Rosh Yeshiva of Yeshivas Brisk
- In office 1974–2001

Personal life
- Born: May 1, 1917 Khislavichi, Russia
- Died: October 4, 2001 (aged 84)
- Notable work(s): The Warmth and the Light
- Occupation: Rabbi, Rosh Yeshiva

Religious life
- Religion: Judaism
- Denomination: Orthodox

= Ahron Soloveichik =

American rabbi (1917–2001)

Ahron (Aaron) Soloveichik (אהרן סולובייצ'יק; May 1, 1917 – October 4, 2001) was an Orthodox Jewish rosh yeshiva (seminary dean) and scholar of Talmud and halakha.

==Biography==

The youngest of five children, Ahron Soloveichik was born to Moshe Soloveichik in Khislavichi, Russia, at which time his father was the rabbi of that town. Joseph Soloveitchik and Samuel Soloveichik were his older brothers.

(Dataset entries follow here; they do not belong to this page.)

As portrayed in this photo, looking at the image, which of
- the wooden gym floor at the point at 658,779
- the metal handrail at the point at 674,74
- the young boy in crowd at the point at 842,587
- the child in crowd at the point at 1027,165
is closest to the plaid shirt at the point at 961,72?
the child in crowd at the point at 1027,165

His family first moved to Poland in 1920. Before his father moved to New York in 1929, Moshe engaged his student Yitzchak Hutner to become Soloveichik's rebbe. Soloveichik was Hutner's first student. Soloveichik celebrated his bar mitzvah in Warsaw and then immigrated with his family to join his father in the United States in 1930. After he graduated from Yeshiva College, he went to law school at New York University and graduated with a law degree in 1946. He then spent the next 20 years teaching at yeshivas in New York City.

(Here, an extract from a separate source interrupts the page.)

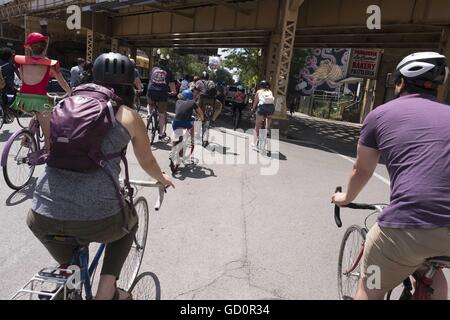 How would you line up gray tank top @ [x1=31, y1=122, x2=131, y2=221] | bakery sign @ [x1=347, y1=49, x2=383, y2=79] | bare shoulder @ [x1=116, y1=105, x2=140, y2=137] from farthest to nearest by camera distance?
bakery sign @ [x1=347, y1=49, x2=383, y2=79], bare shoulder @ [x1=116, y1=105, x2=140, y2=137], gray tank top @ [x1=31, y1=122, x2=131, y2=221]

Soloveichik's first teaching position was in Mesivtha Tifereth Jerusalem then headed by Moshe Feinstein, from whom he received his semikhah (rabbinic ordination). Shortly thereafter Soloveichik was appointed by Hutner to give the highest daily lecture in Yeshiva Rabbi Chaim Berlin. Soloveichik's final position in New York was at Yeshiva University, where he instituted a weekly hashkafa class in addition to giving one of the advanced daily Talmud classes, and where he was the first rabbi to be named Lecturer of the Year at Yeshiva University.

In 1966, he moved to Chicago to head the Hebrew Theological College in Skokie, Illinois. After differing with the administration there on certain key issues, he was let go in 1974 and opened his own yeshiva as the Rosh Yeshiva of Yeshivas Brisk (Brisk Rabbinical College) in Chicago, an American incarnation of the Brisk yeshivas and methods.

Soloveichik taught Torah for 58 years, the last 34 of which were in Chicago. Although a stroke in 1983 left him partially paralyzed he continued his duties at Yeshivas Brisk in Chicago and flew to New York every week to deliver a Talmudic lecture at Yeshiva University (a position he accepted after his older brother Rabbi Dr. Joseph B. Soloveitchik became ill and was unable to continue lecturing).

His wife, Ella Shurin, was a writer and teacher. The couple raised six children all of whom are rabbis or women married to rabbis.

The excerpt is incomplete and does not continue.